# What to do
Starting from the line with "Avide LED White" and going up to and including the line with "Entrance to the Sacred Monkey Forest", copy the listing below exactly. Leave all images out.

# Material for this exercise
——————

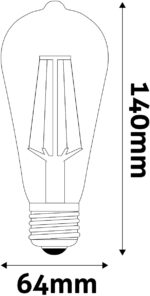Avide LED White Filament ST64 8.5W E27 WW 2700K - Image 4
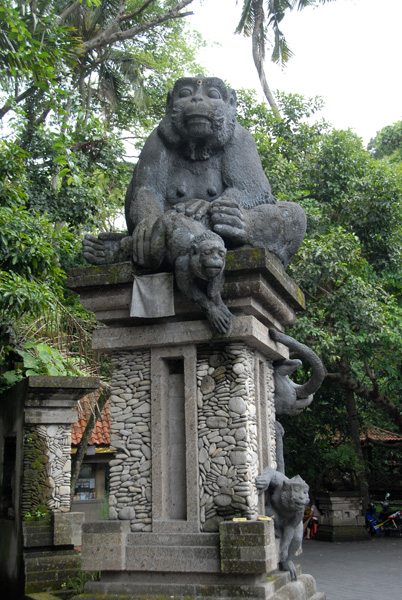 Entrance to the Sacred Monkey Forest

——————

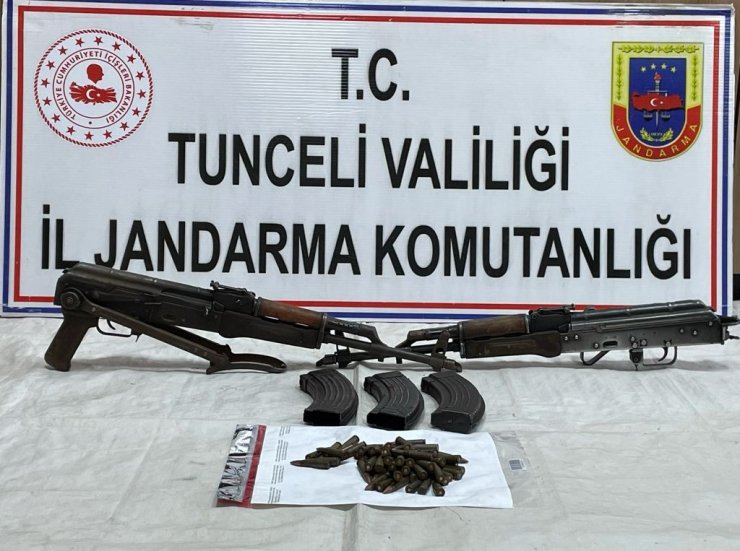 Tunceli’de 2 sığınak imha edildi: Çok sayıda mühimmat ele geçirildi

——————

# Your solution
Avide LED White Filament ST64 8.5W E27 WW 2700K - Image 4
 Entrance to the Sacred Monkey Forest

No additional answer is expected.